Однажды я обернулась и заметила в дверном проеме Конрада. Он смотрел на меня, и что-то проскользнуло между нами – не совсем любовь, но нечто близкое к ней. Этому не было названия. Возможно, своего рода взаимопонимание.
– Пора спать, Беллс, – произнес он.
Теперь я обнаружила, что снова испытываю потребность двигаться. Кроме того, я не могу лечь. Струи воды наставили синяков на ногах и спине, и легкое прикосновение простыни причиняет боль. Я и есть заставляю себя с трудом, но понимаю, что нужно. Кто знает, сколько я пробуду в Диких землях, прежде чем разведчики меня найдут? А если нет? У меня нет ничего, кроме тапочек и хлопчатобумажного комбинезона. А вдоль замерзшей реки возвышаются сугробы. Деревья голые и замерзшие, животные попрятались.
Возможно, я умру через два-три дня. Но лучше погибнуть в мире, который я всегда любила, – даже теперь, после его попыток меня сломать.
Но вестей до сих пор нет. Три дня, четыре, пять… Разочарование делается удушающим и терзает непрестанно. Уже шесть суток меня окружает молчание. Томас не дает о себе знать, и я начинаю терять надежду. А если его разоблачили? На седьмой день меня охватывает гнев. Томас забыл про меня!
Мои синяки превращаются в звездные вспышки, взрывы невероятных оттенков, желтых, зеленых и фиолетовых. Я не волнуюсь и не злюсь. Энергия, которую я черпала в мыслях о побеге, покинула меня. Пропадают все желания.
Меня переполняют мрачные мысли. Томас никогда не собирался помогать мне. Планирование побега, плетение веревки, разведчики – пустые грезы и дурацкие фантазии…
Теперь я валяюсь на койке и встаю лишь тогда, когда нужно облегчиться или если сквозь узкую щель в двери просовывают поднос с едой.
И я застываю. Под маленькой пластиковой миской с макаронами, слипшимися в комок, лежит бумажный прямоугольник. Записка.
Томас написал ее большими буквами. «СЕГОДНЯ НОЧЬЮ. БУДЬ ГОТОВА».
Меня мутит, и я пугаюсь, что заболела. Сама мысль о том, чтобы покинуть тюремные стены, это помещение, кажется противоестественной. Что я знаю о Диких землях и о сопротивлении? Когда меня арестовали, я лишь начинала участвовать в движении…
Я мечтала о побеге одиннадцать лет, а теперь, когда час наконец-то пробил, я медлю.
Тогда
Сперва я не поняла, что исцеление не сработало.
Меня поместили в мою прежнюю спальню в родительском доме, запретили видеться с друзьями, покидать комнату без разрешения и без сопровождения Кэрол.
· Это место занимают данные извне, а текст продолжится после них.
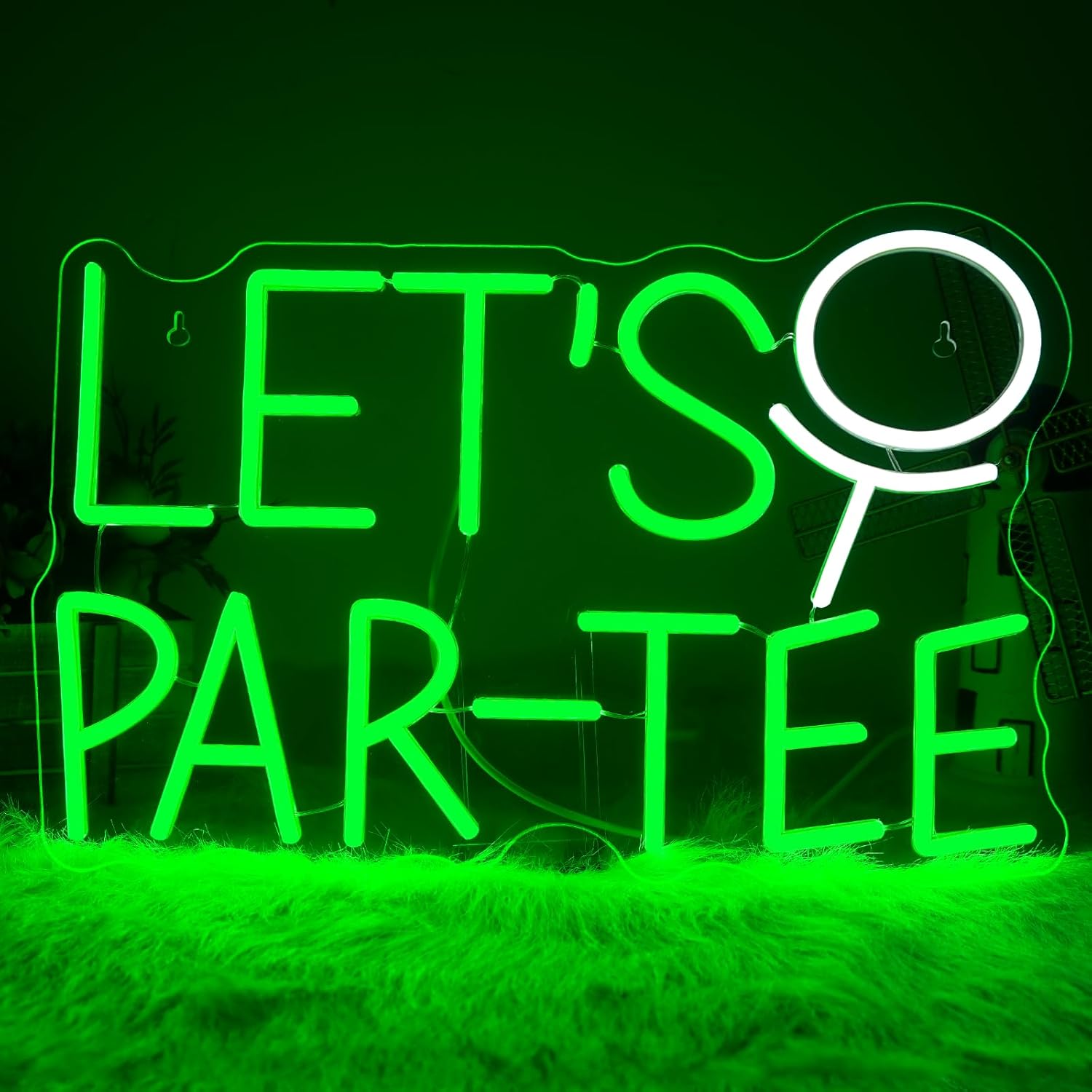 WLHOPE Let's Par Tee Neon Sign for Wall Decor Dimmable Golf Led Light Sign for Golf Club Neon Signs Neon for Bedroom Light Up Sign for Sport Neon Sign Golf Gift for Men Golf Lover Gift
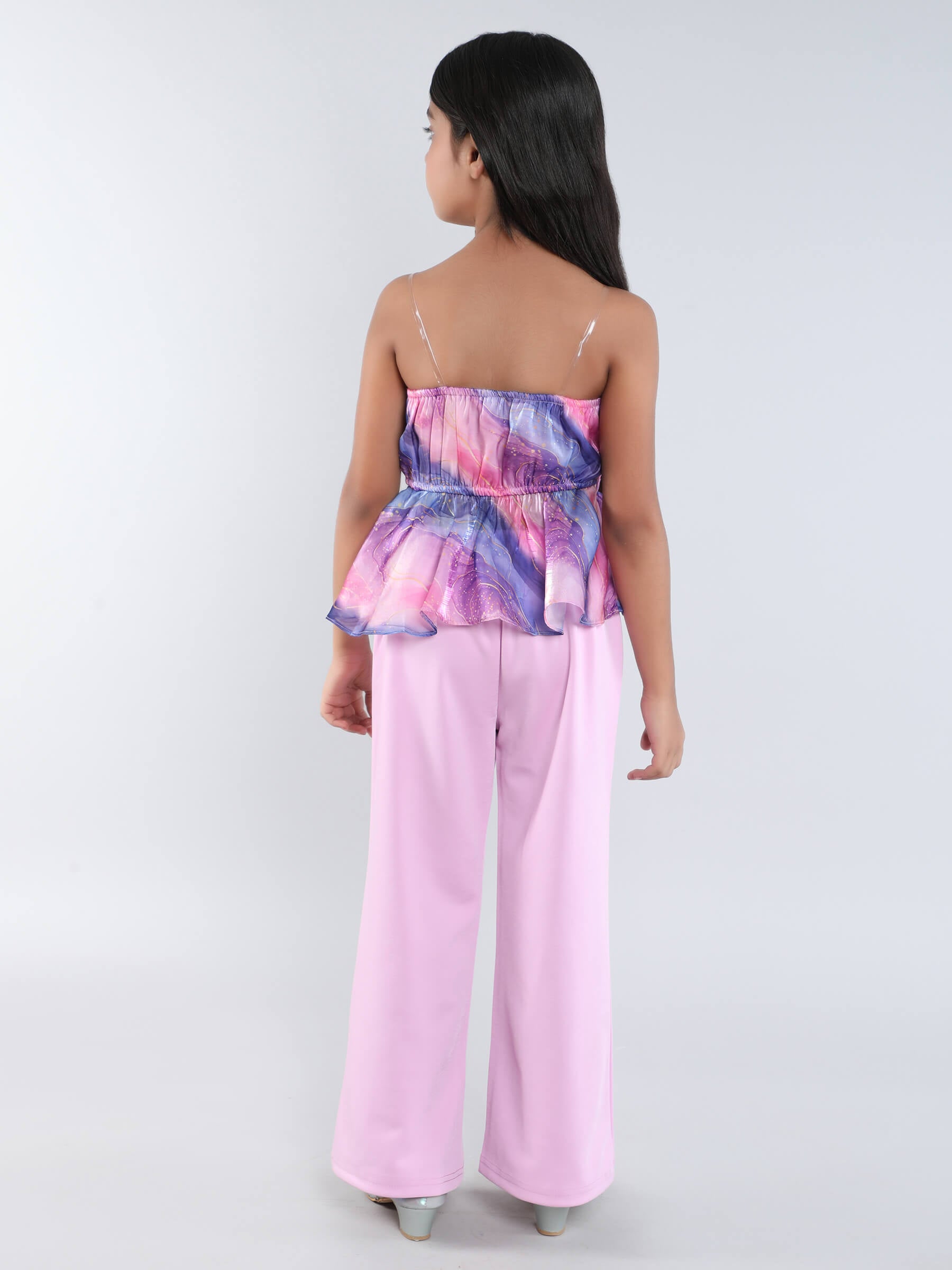 abstract printed organza ruffle peplum party top and solid pant set-Pink/Multi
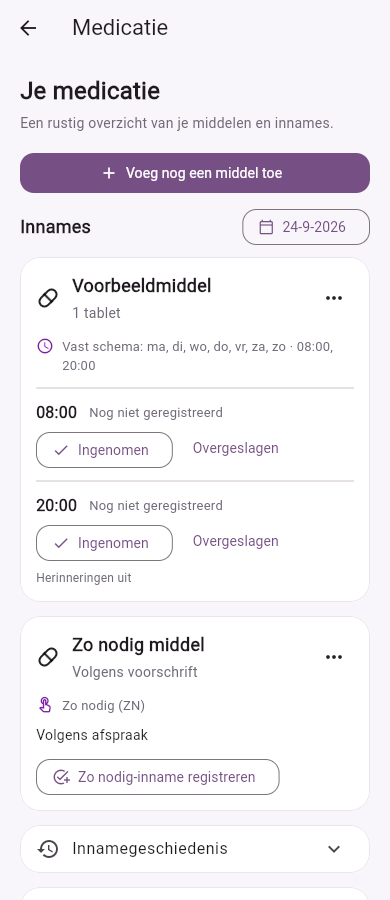 Medicatieoverzicht met een vast schema en zo nodig-medicatie.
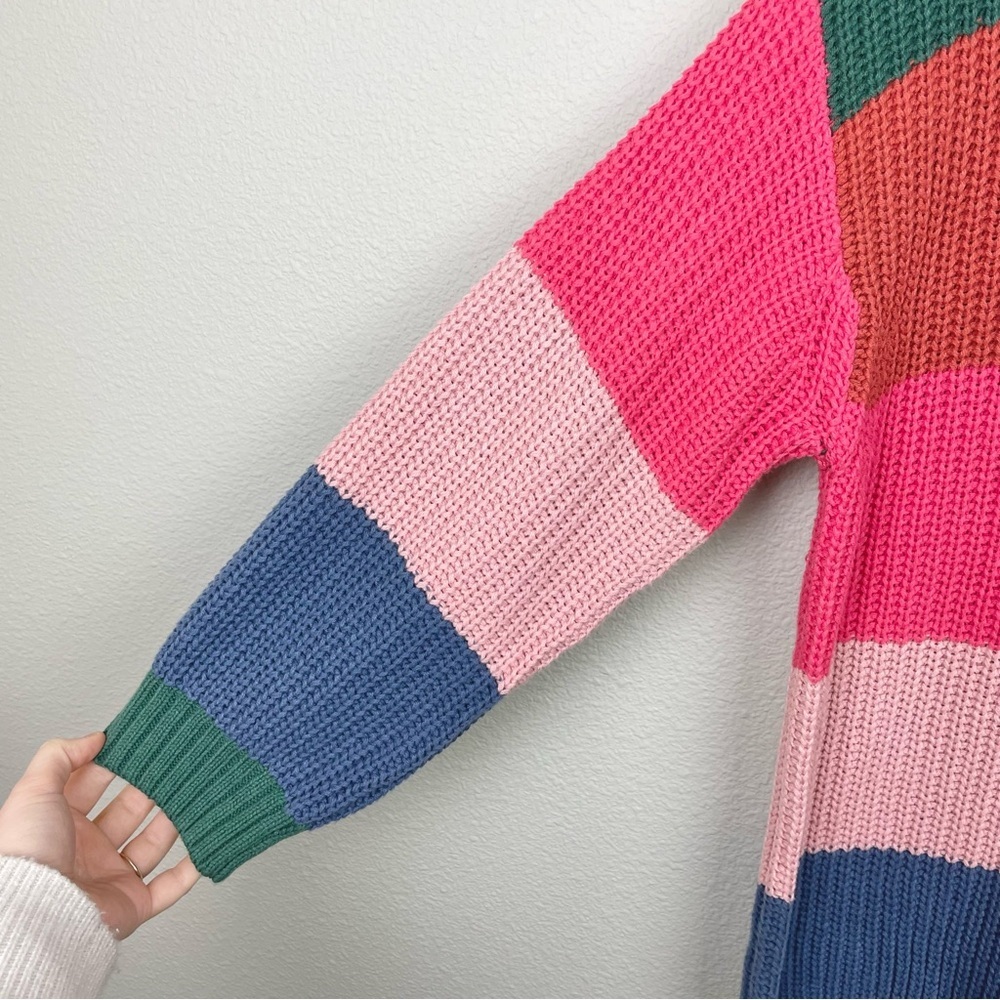 AMERICAN EAGLE OUTFITTERS Oversized Rainbow Striped Mock Neck Sweater Women's S - Picture 5 of 15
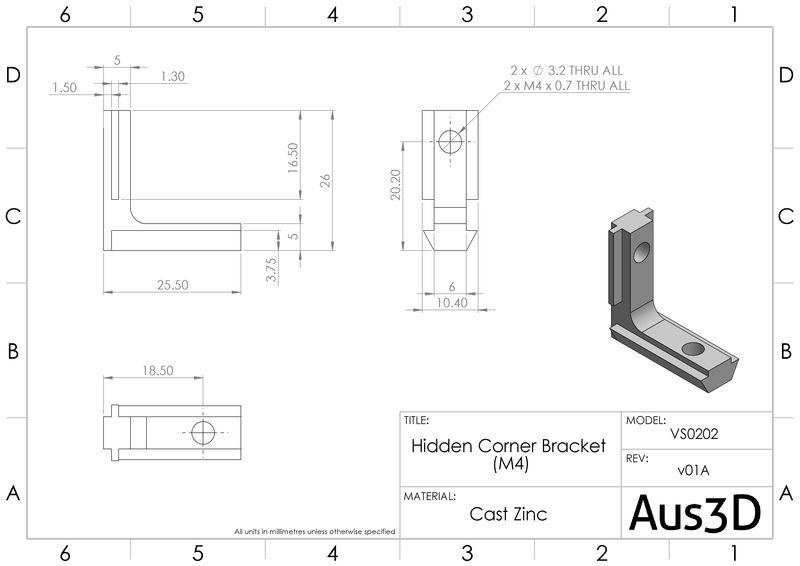 Inside Hidden Corner Bracket
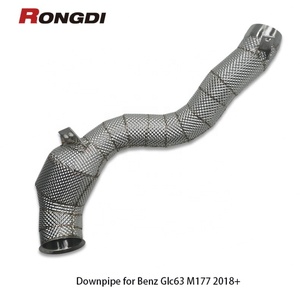 ท่อดาวน์ไปป์สแตนเลส 304 แบบไหลสูง สำหรับ Mercedes-Benz Glc63 M177 AMG ปี 2018+ พร้อมแคทตาไลติกคอนเวอร์เตอร์ - Product Image 3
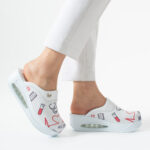 Damen Lederclogs für Pflegeberufe mit Plateausohle – Muster Pulse — 2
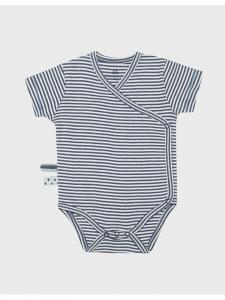 OrganicEra Детский боди с короткими рукавами в стиле пеленки, цвет индиго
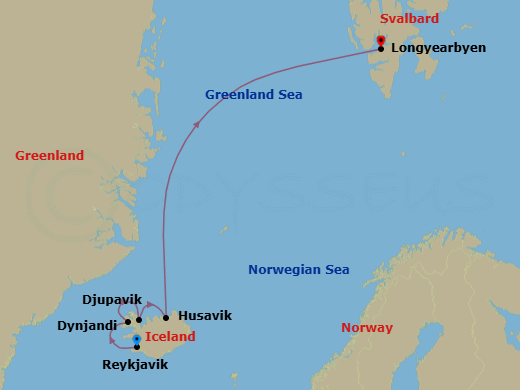 11 Night - Reykjavik to Longyearbyen - Silver Endeavour - Starting in Reykjavik, Dynjandi Waterfalls, Djupavik, Husavik, Svalbard Northern Region, Longyearbyen itinerary map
В общем, я практически умерла. Я вставала с постели, шаркая, брела в душ, смотрела однообразные новости, слушала тупую музыку по радио. Вот что означает исцеление: ты попадаешь в аквариум и вечно кружишь по нему.
Я помогала родителям и заново подала заявление в колледж, поскольку прежнее решение о приеме аннулировали из-за моих приключений в Бостоне. Еще я написала массу писем с извинениями в бесчисленные комитеты. Без внимания не остались публичные должностные лица, соседи и безликие бюрократы с длинными бессмысленными титулами.
Постепенно я вновь получила подобие свободы. Я могла посещать магазины и гулять на пляже. Мне разрешили встречаться с некоторыми старыми друзьями. Время текло, а сердце лишь глухо ухало у меня в груди.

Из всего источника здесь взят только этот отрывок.